Just seen this. Very nice design Ill certainly be interested in one when they become
available (0.02%).
Just one question. I see you run the LVC595 from a negative power rail. Last time I
tried this it didnt work (though it wasnt with LVC logic). Are you doing anything
special or does it just work?

The LVC parts don't really care aboout the absolute voltages, only the difference between VCC and GND....

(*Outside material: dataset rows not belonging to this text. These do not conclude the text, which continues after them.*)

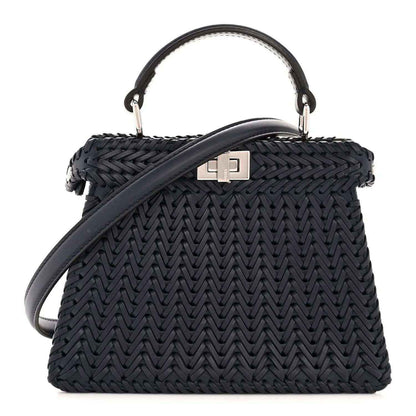 Midnight blue leather petite satchel with woven pattern, top handles and strap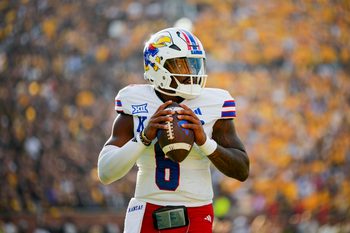Sep 6, 2025; Columbia, Missouri, USA; Kansas Jayhawks quarterback Jalon Daniels (6) warms up during the second half against the Missouri Tigers at Faurot Field at Memorial Stadium. Mandatory Credit: Jay Biggerstaff-Imagn Images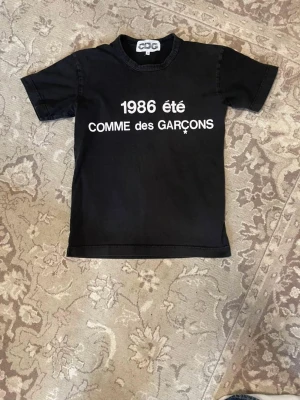 Svart CDG t-shirt - Svart t-shirt från CDG med vit text '1986 été' och logga på bröstet. Klassisk rund hals och korta ärmar. Perfekt för dig som gillar streetwear och vill ha något stilrent men ändå statement.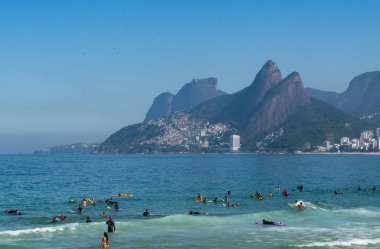Rio de Janeiro, Brezilya, 06-07-2023: Ipanema plajındaki Atlantik Okyanusu 'nda yüzen ve sörf yapan insanlar.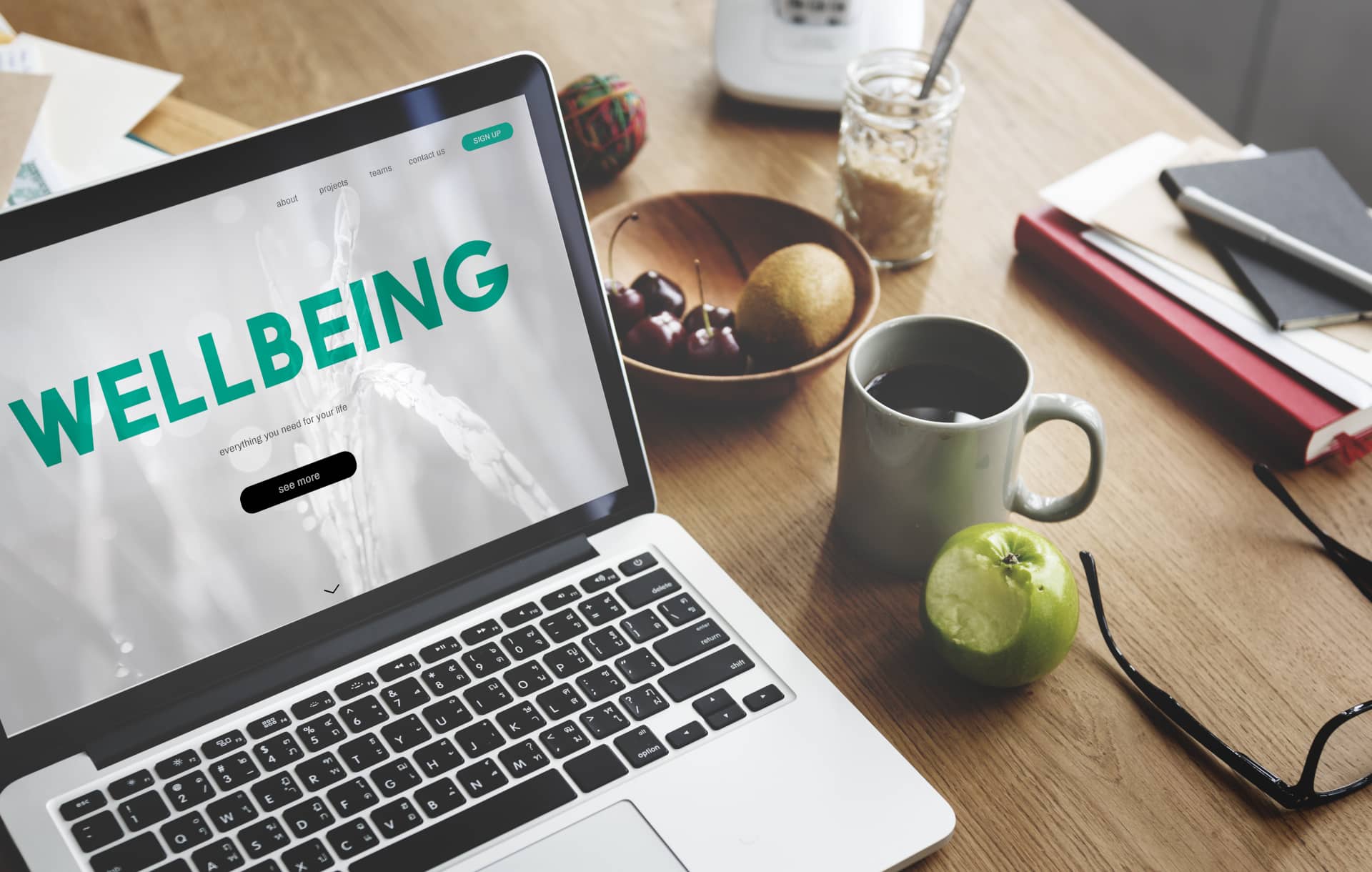 A laptop on a desk with wellbeing on the screen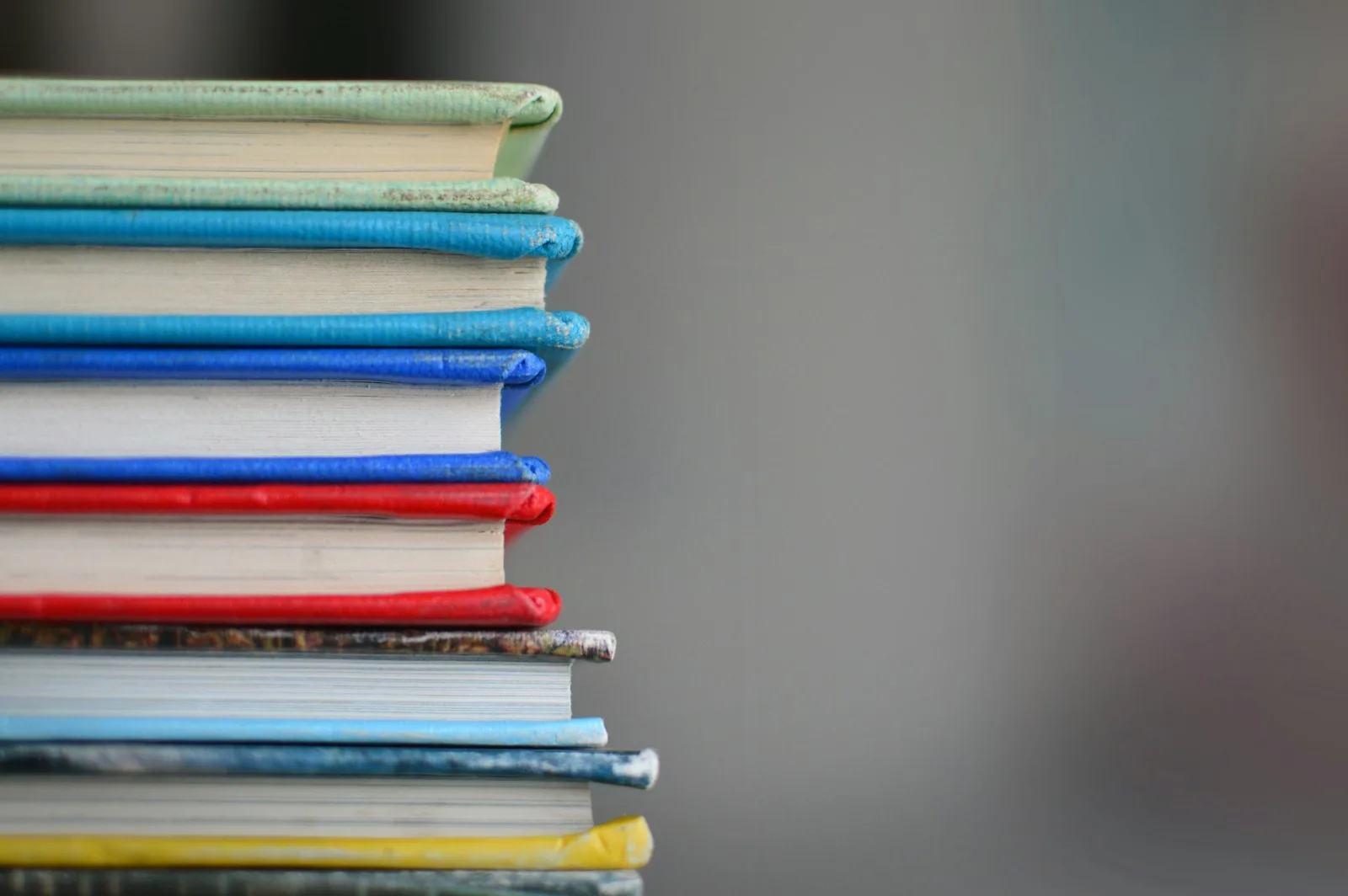 Photo of multiple books stacked one over the other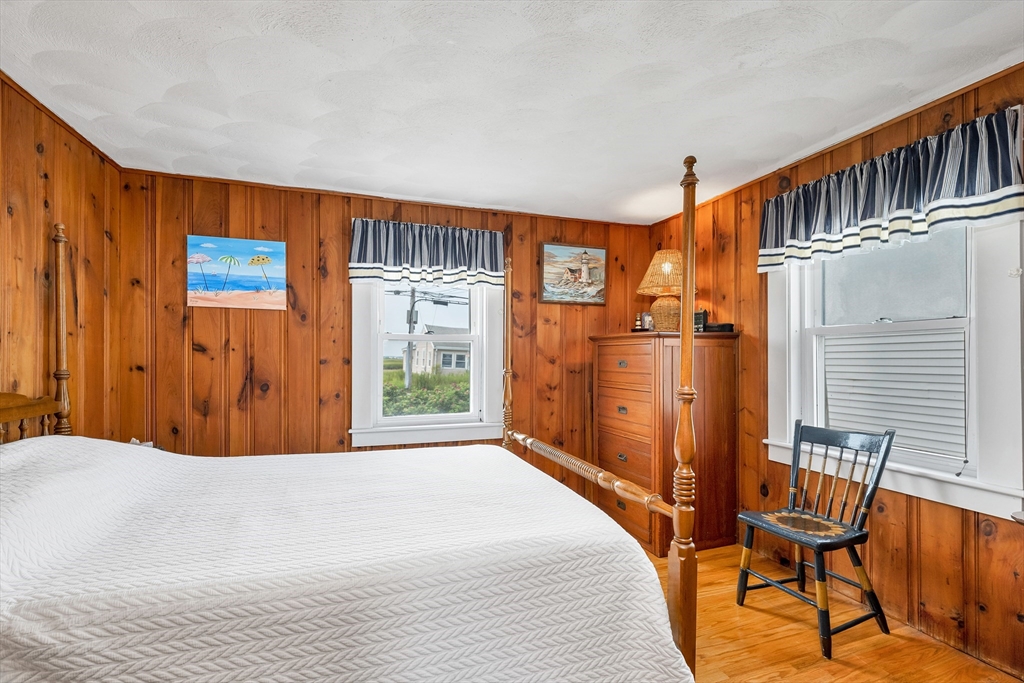 558 Winnacunnet Road Hampton, NH 03842 - Photo 30 of 40 a bed room with a bed and a chair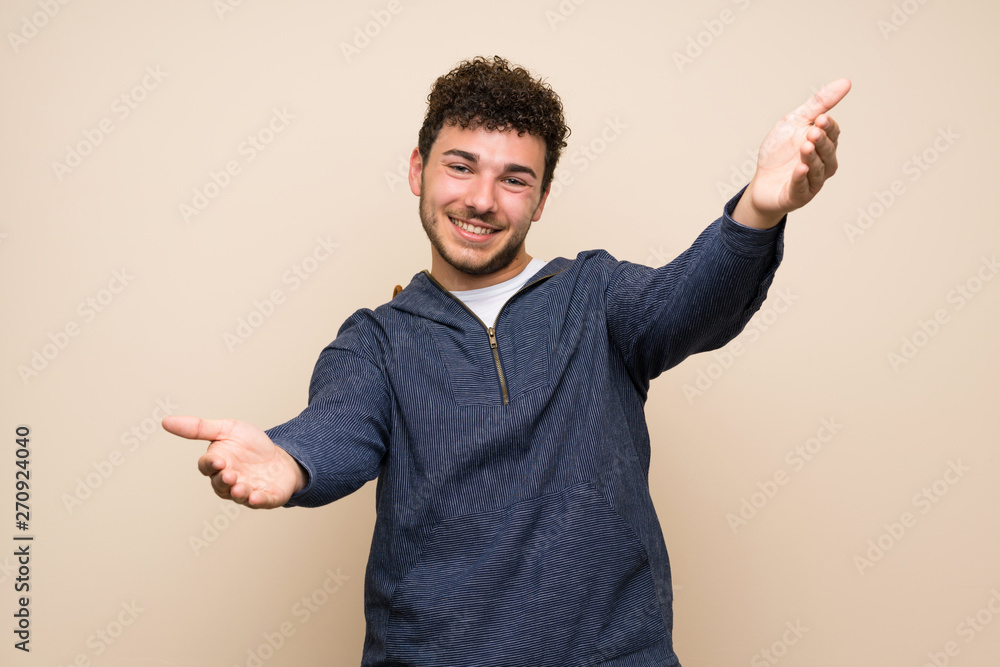 Man with curly hair over isolated wall presenting and inviting to come with hand Man with curly hair over isolated wall presenting and inviting to come with hand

One set of LVC latches have +4V on VCC and 0 on GND, the other set have have 0 on VCC and -4V on GND
 
You're correct on that, and I have actually done some thinking about it, ended up having the resistors for the 14 MSB bits be the best precision ones, with the 13 LSB bits be one grade less precise, like the 0.02% version have 0.05% resistors on the 13 LSB bits, to keep cost down but still having great performance when using the digital volume control. Could in principle use less and less precise parts going down on the bits, but it's again a question about not having too many different almost alike parts. Give an EMS provider an opportunity to mess up and they will take it....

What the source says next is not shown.